The `ProjectionGrid` uses a simple but effective scoping rule:

1. **Row headers** (left of data) apply to the **rows they span** (via `rowspan`)
2. **Column headers** (above data) apply to the **columns they span** (via `colspan`)

This captures hierarchical relationships naturally:

```
Row 2: "Revenue" (rowspan=3, col 1)      → applies to rows 2, 3, 4
Row 2: "North America" (rowspan=1, col 2) → applies to row 2 only
Row 3: "Europe" (rowspan=1, col 2)        → applies to row 3 only
```

When you query `get_path(row=3, col=3)`, you get all headers that govern that cell: `["Revenue", "Europe", "Q1"]`

## API Reference

### High-Level Functions

#### `untabulate_html(html, *, format="dict", separator=" → ", span_as_label=False, all_tables=False)`

Parse HTML and extract data with semantic paths in one step.

- **html**: HTML string containing table(s)
- **format**: `"dict"`, `"strings"`, or `"tuples"`
- **separator**: Path separator for context strings
- **span_as_label**: Treat cells with rowspan/colspan > 1 as headers
- **all_tables**: Parse all tables (returns list of lists)
- **Returns**: List of results in the specified format
- **Raises**: `TableNotFoundError` if no table found

#### `untabulate_xlsx(filepath, *, sheet_name=None, format="dict", separator=" → ")`

Parse Excel and extract data with semantic paths in one step.

- **filepath**: Path to `.xlsx` file
- **sheet_name**: Worksheet name (default: active sheet)
- **format**: `"dict"`, `"strings"`, or `"tuples"`
- **separator**: Path separator for context strings
- **Returns**: List of results in the specified format

#### `untabulate(data, *, format="dict", separator=" → ")`

Extract semantic paths from any data source.

- **data**: List of dicts, tuples, objects, or `GridElement` instances
- **format**: `"dict"`, `"strings"`, or `"tuples"`
- **separator**: Path separator for context strings
- **Returns**: List of results in the specified format

### Low-Level API

For advanced use cases, you can use the lower-level components directly:

#### `parse_html_table(html_string, span_as_label=False, all_tables=False)`

Parse HTML table(s) into GridElement instances.

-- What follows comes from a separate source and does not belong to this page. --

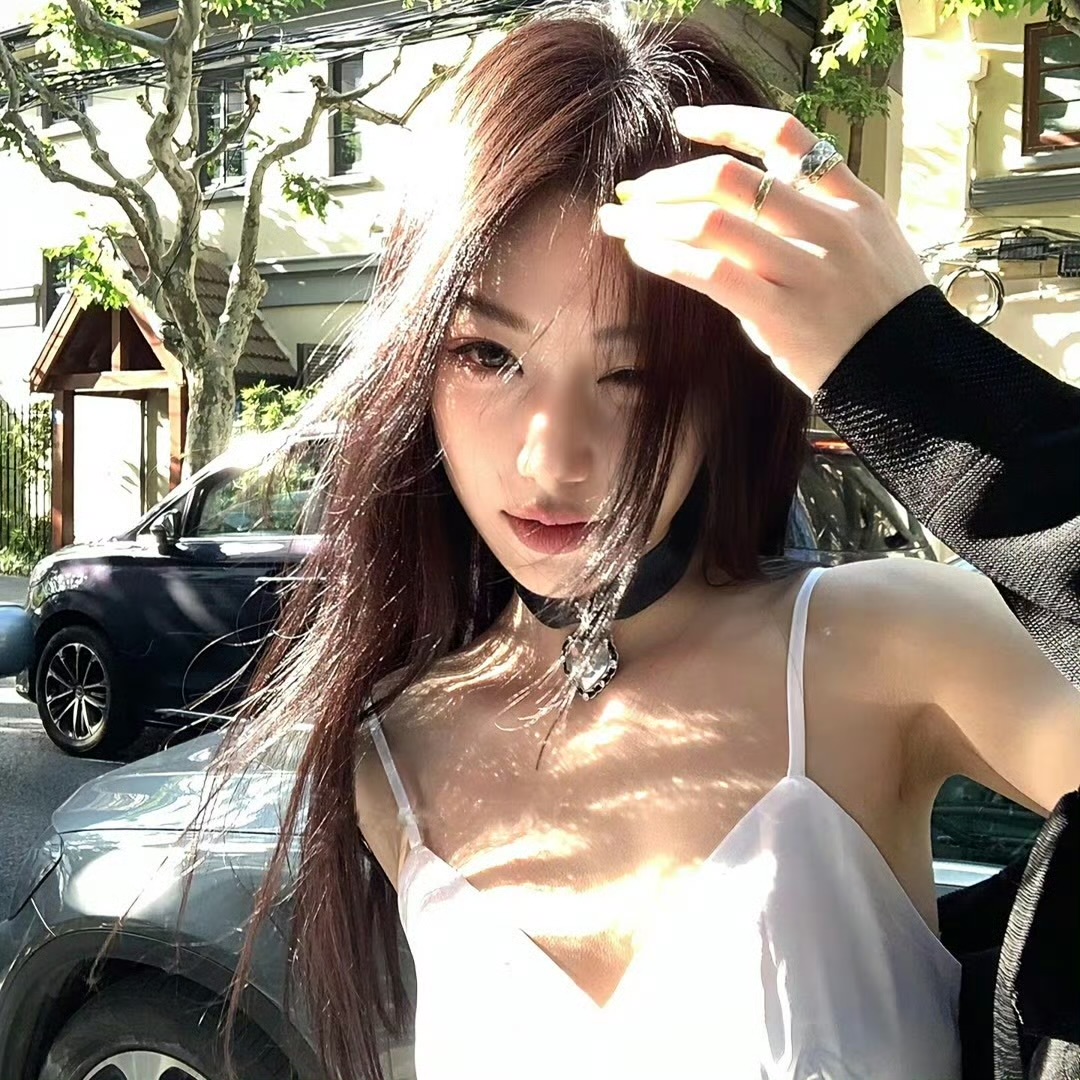 伴游女生香天的资料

#### `parse_xlsx_worksheet(filepath, sheet_name=None)`

Parse an Excel worksheet into GridElement instances.

#### `ProjectionGrid(elements)`

Build a semantic header projection from elements.

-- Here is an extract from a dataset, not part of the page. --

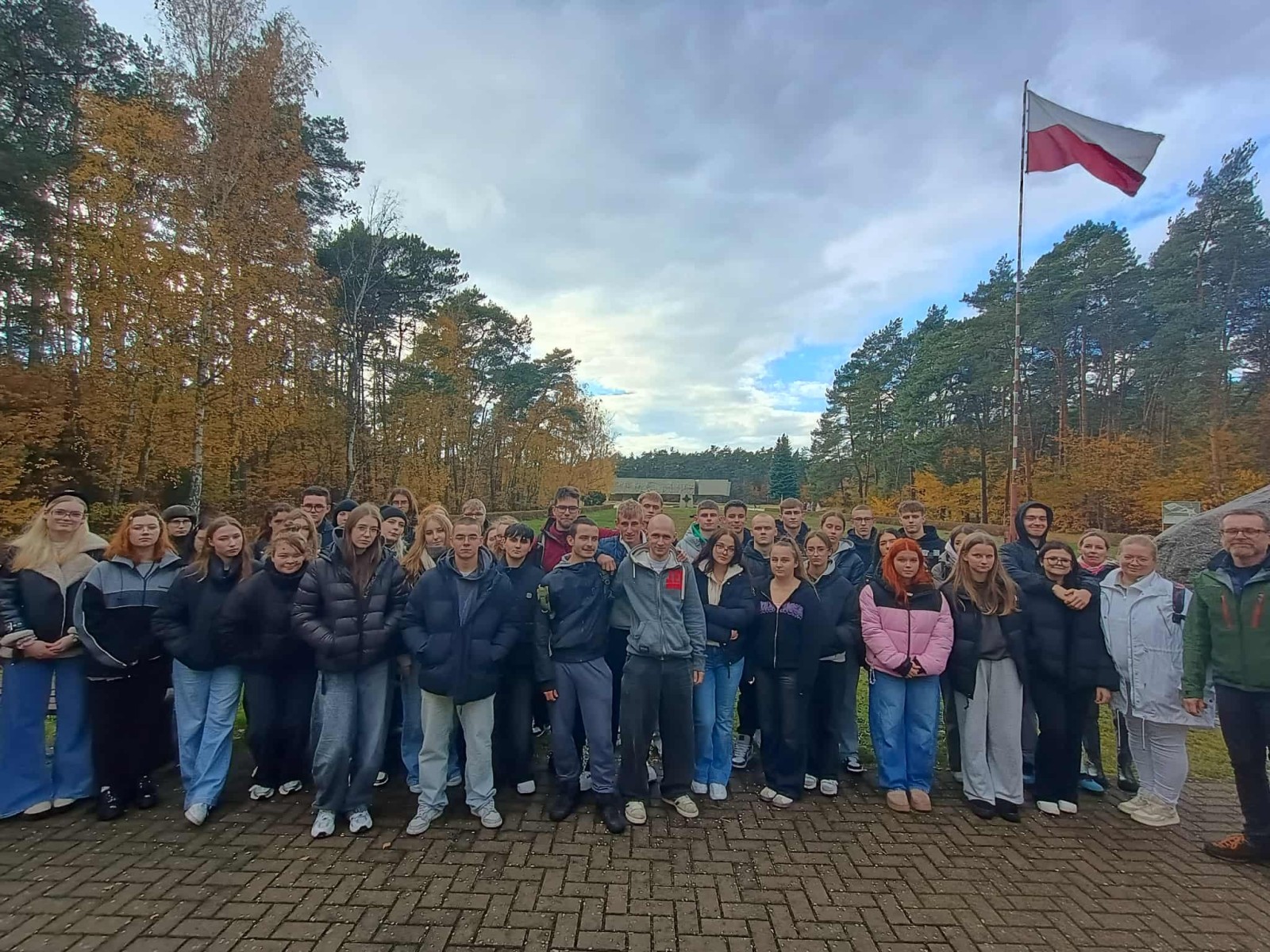 574574758_1392353039562169_7308554165905330866_n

#### `ProjectionGrid.get_path(data_row, data_col)`

Get headers governing a cell position.

#### `GridElement(is_header, row, col, rowspan, colspan, value)`

Lightweight element for table cells.

- **is_header**: `True` if this cell is a header, `False` for data cells
- **row/col**: 1-based position
- **rowspan/colspan**: Cell span
- **value**: Text content of the cell

## Performance

~1M cells/second on typical hardware. The Cython implementation provides ~30% speedup over pure Python, but the main win is the O(n) algorithm vs O(n²) naive approaches.

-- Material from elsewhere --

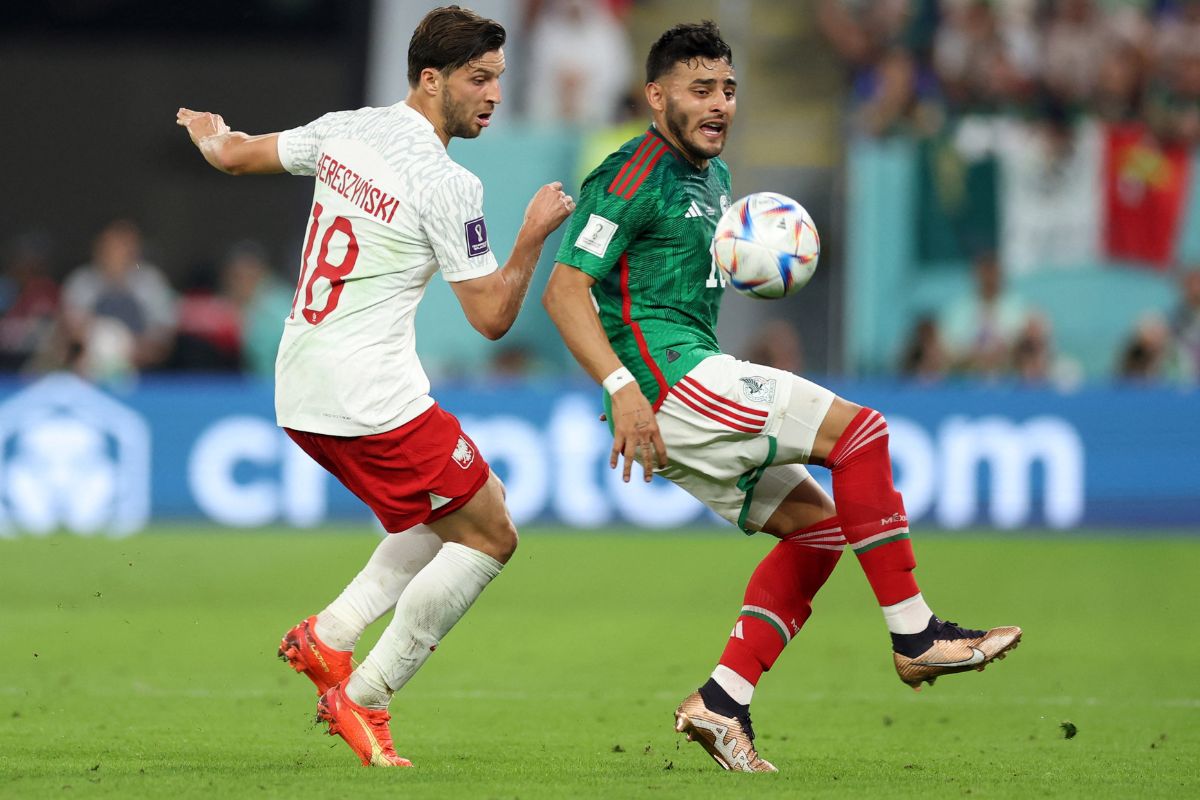 Mexico's Alexis Vega in action with Poland's Bartosz Bereszynski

## Why This Matters for LLMs

Embedding models need semantic context, not coordinates. When chunking documents for RAG:

❌ `"40"` - meaningless without context  
❌ `"cell (3,2): 40"` - coordinates don't help  
✅ `"Revenue → North America → Q1: 40"` - full semantic path

This enables:
- Better vector similarity for table-based questions
- Accurate retrieval of specific data points
- Natural language grounding for structured data

## Development

```bash
# Clone and install in development mode
git clone https://github.com/patrick/untabulate.git
cd untabulate
pip install -e ".[dev]"

# Run tests
pytest

# Build distribution
python -m build
```

## Sponsor

- Fluvial Diligence [TPRM and Vendor Assessment platform](https://www.fluvialdiligence.com/) 

## License

MIT License - see [LICENSE](LICENSE) for details.